I can't believe that we are selling more of these setups right now than truck plows. Who would figure????   The trucks will pick up in sales, but man, can't keep up with these units.

Get em' while you can boys and gals. pumpkin:


----------



## bolensdriver (Oct 12, 2004)

very expensive! 

The John Deere standard Gator, is $9,750 (around that price), with a Curtis cab, snowplow, and sander.


----------



## PLOWMAN45 (Jul 2, 2003)

i just saw bobcats version i was pretty impressed with all the attachments


----------



## Jon Geer (Jan 21, 2002)

Bolensdriver,

Stop by your Kubota dealer and just demo an RTV, you will notice alot of differences than a Gator.

Diesel engine - standard
Hydrostat trans - standard
4x4 - standard
Power steering - standard
Wet disk brakes - standard
True Hydraulic dump - standard
Hydro aux remotes - standard
Diff lock - standard
And the list goes on................................................

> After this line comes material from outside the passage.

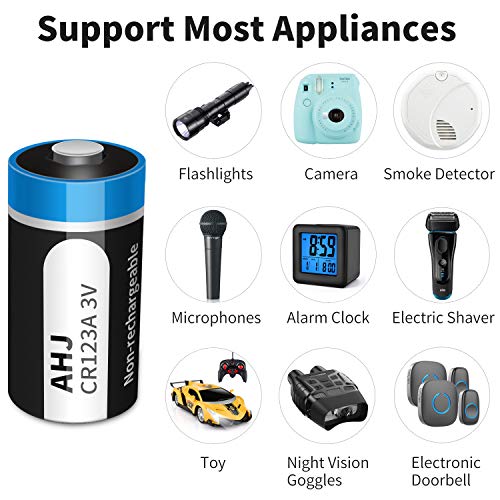 CR123A 3V Lithium Batteries, 20 Pack 1600mAh CR123 CR17345 Battery with 10-Year Shelf Life PTC Protection for Flashlight Camera Toys Alarm System Microphones (NON-RECHARGEABLE, NOT for Arlo Camera)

Most of the competitors use a centrifugal clutch trans, what happens when you go up a large grade and let off the pedal, you roll right back down. The Kubota's trans is somewhat like a HUMMER, it stops on the grade, hit the pedal again and your right back climbing, not rolling all the way back down and starting over.

There are pros and cons with everything, stop by and demo one.

The price will come to light.


----------



## eng50 (Jan 30, 2004)

Do they make timbrens for that 'bota?  

Just kidding, looks great!!

Enjoy

Bill


----------